Des feuilles au croisement du moi et du monde
La grande production d’herbiers qui occupa Jean-Jacques Rousseau pendant les dernières quinze années de sa vie reflète, comme il l’explique dans ses Rêveries, un doublement de la forme du journal intime, dont les “feuilles ne seront proprement qu’un journal informe de mes rêveries”. Ces “feuilles” qu’il rassemblait aussi dans ses herbiers, lui servent également de moyen de revivre des moments de son passé, comme il l’explique à la fin de la “Septième Promenade”. En même temps, sa pratique de botaniste montre à quel point ses herbiers s’inscrivaient dans le champ de ses échanges sociaux, avec ses amis ainsi que la communauté de botanistes. Qui plus est, et malgré ses réticences au sujet de la botanique “exotique”, ses herbiers sont un moyen de représenter le monde par le biais du microcosme.

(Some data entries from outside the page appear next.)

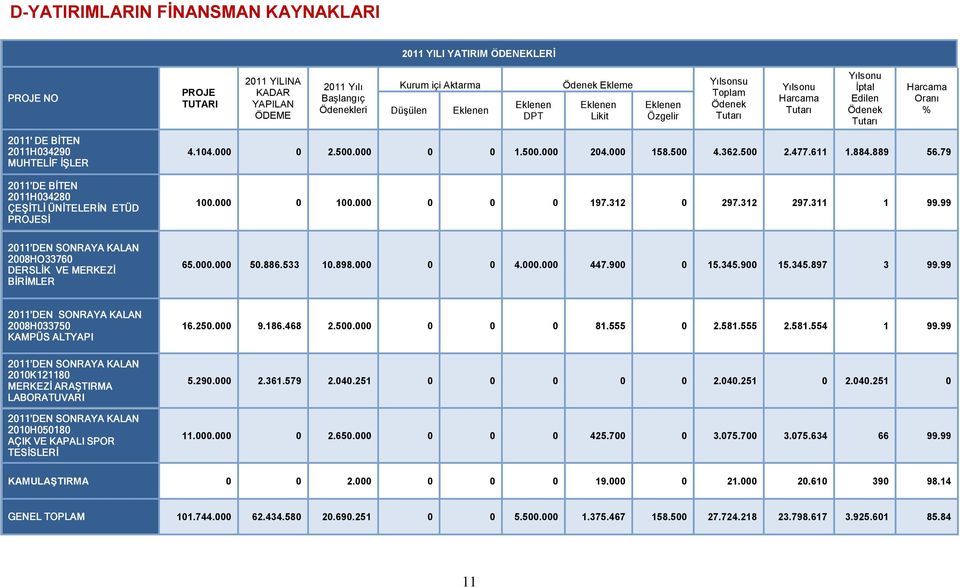 BİTEN 2011H034280 ÇEŞİTLİ ÜNİTELERİN ETÜD PROJESİ 4.104.000 0 2.500.000 0 0 1.500.000 204.000 158.500 4.362.500 2.477.611 1.884.889 56.79 100.000 0 100.000 0 0 0 197.312 0 297.312 297.311 1 99.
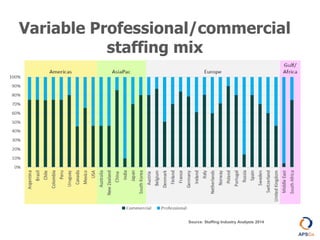 Variable Professional/commercial
staffing mix
Source: Staffing Industry Analysts 2014
 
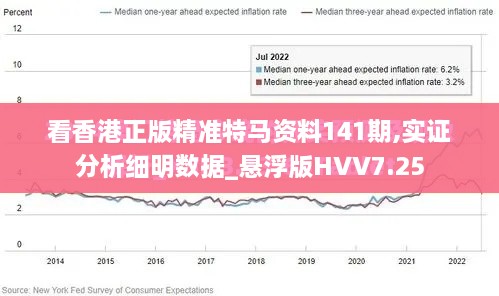 看香港正版精准特马资料141期,实证分析细明数据_悬浮版HVV7.25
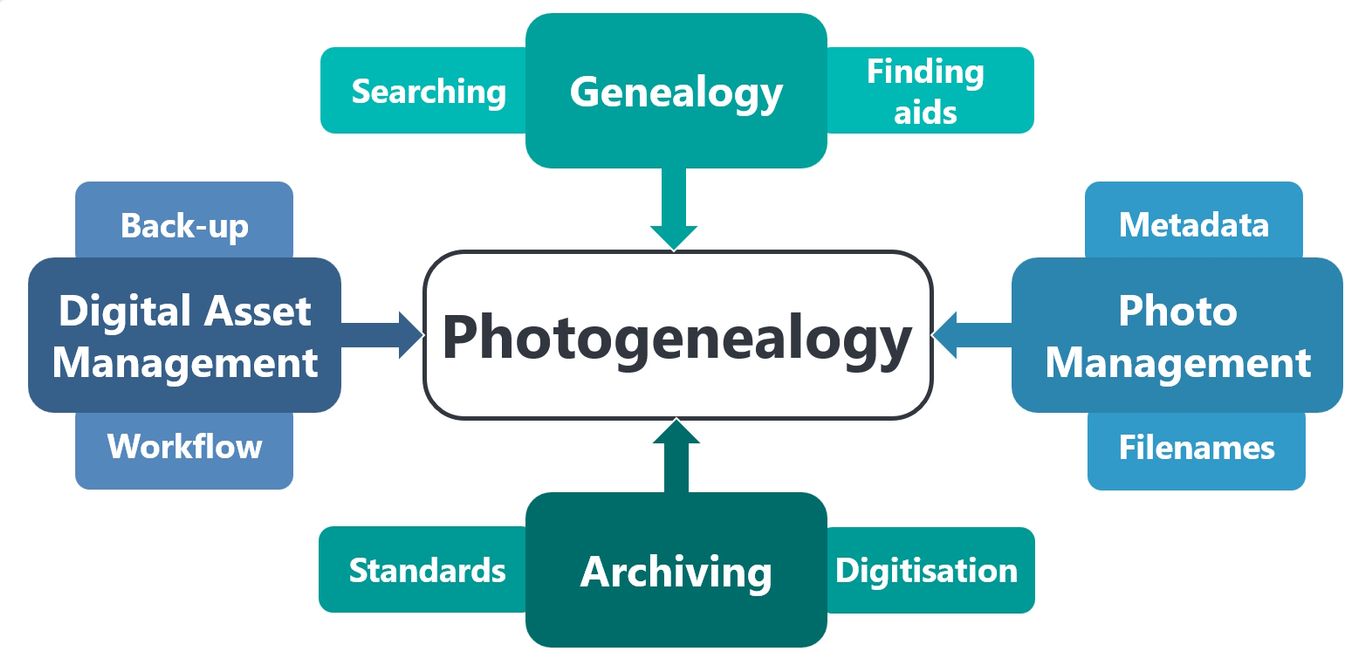 How genealogy, photo management, archiving & digital asset management fit into photogenealogy 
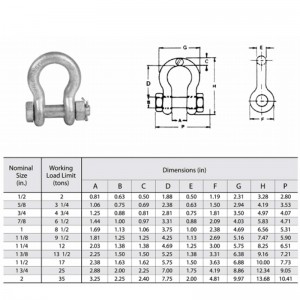 Ankerschäkel aus verzinktem Sicherheitsriegel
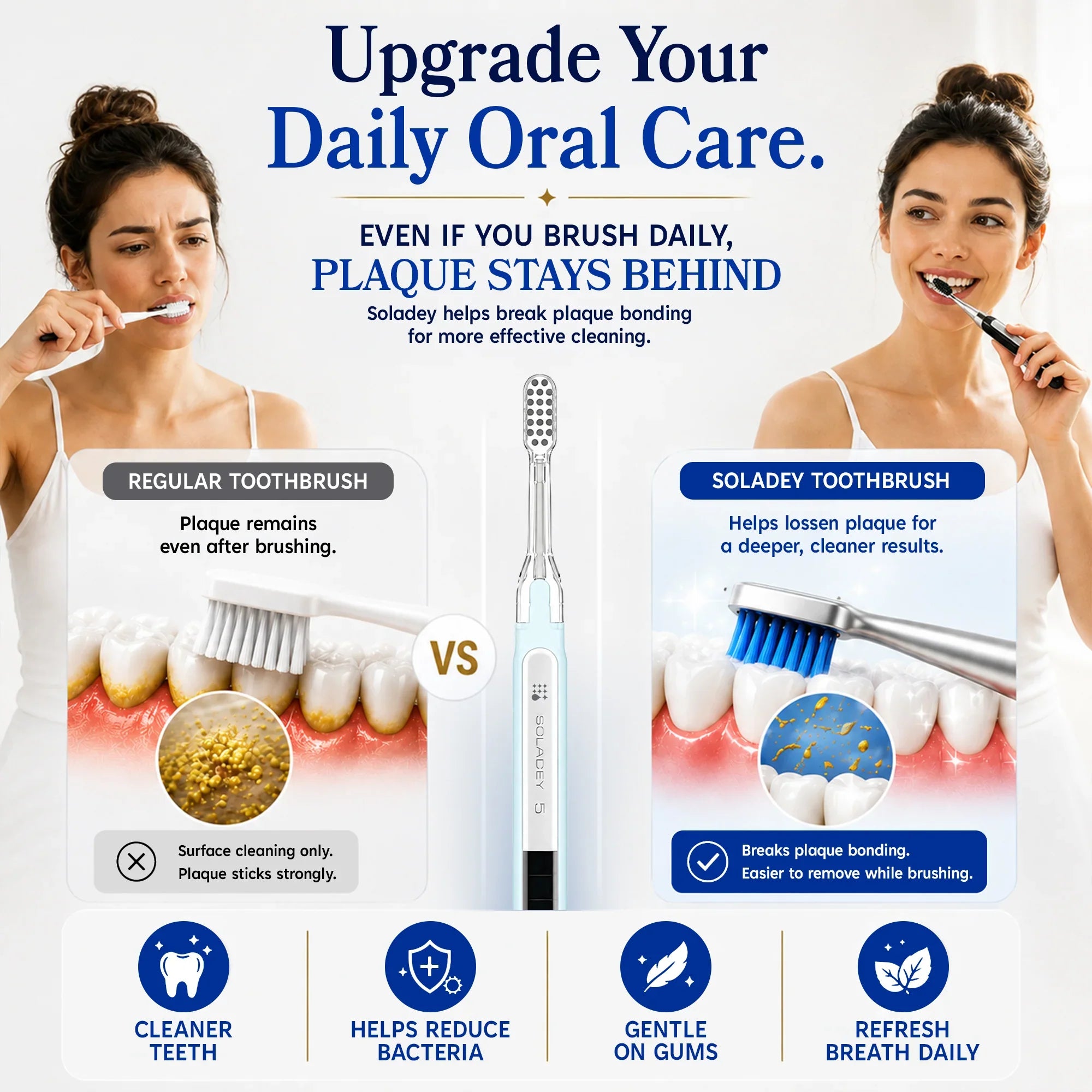 Comparison between a regular toothbrush and Soladey toothbrush for plaque removal.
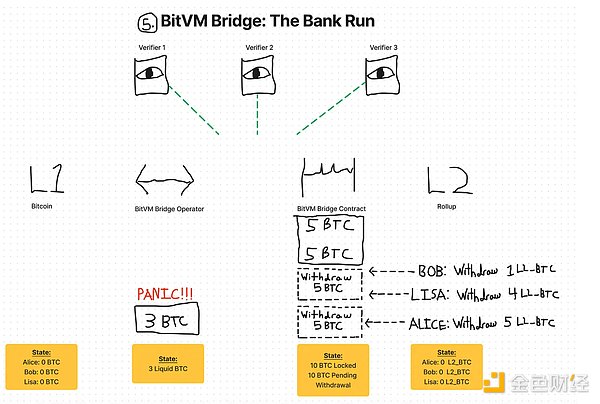 周末市场观察：BTC和ETH合约交易策略分享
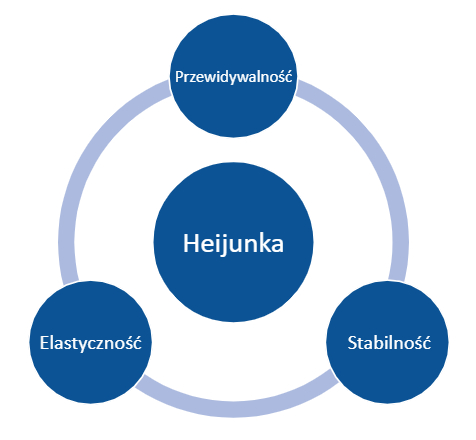 Schemat stabilności Systemu Produkcyjnego Toyoty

C’est ici que le croisement avec Alexander von Humboldt s’opère: pour cet homme de science et de lettres prussien, contrairement à Rousseau, la botanique exotique et aussi utilitaire n’était nullement exclue. Dans son travail de naturaliste, les plantes deviennent une manière de réfléchir à l’interconnexion de tout, du monde organique lui-même (dont l’homme) et de toutes les méthodes de le percevoir et de l’appréhender (Vues de la nature). En même temps, l’analyse de leurs habitats, que Rousseau notait aussi mais le plus souvent à des fins personnelles, affectives ou locales, sert pour Humboldt de moyen de construire une vision globale des habitats du monde, comme le montre sa célèbre Naturgemälde ainsi que ses archives de botaniste.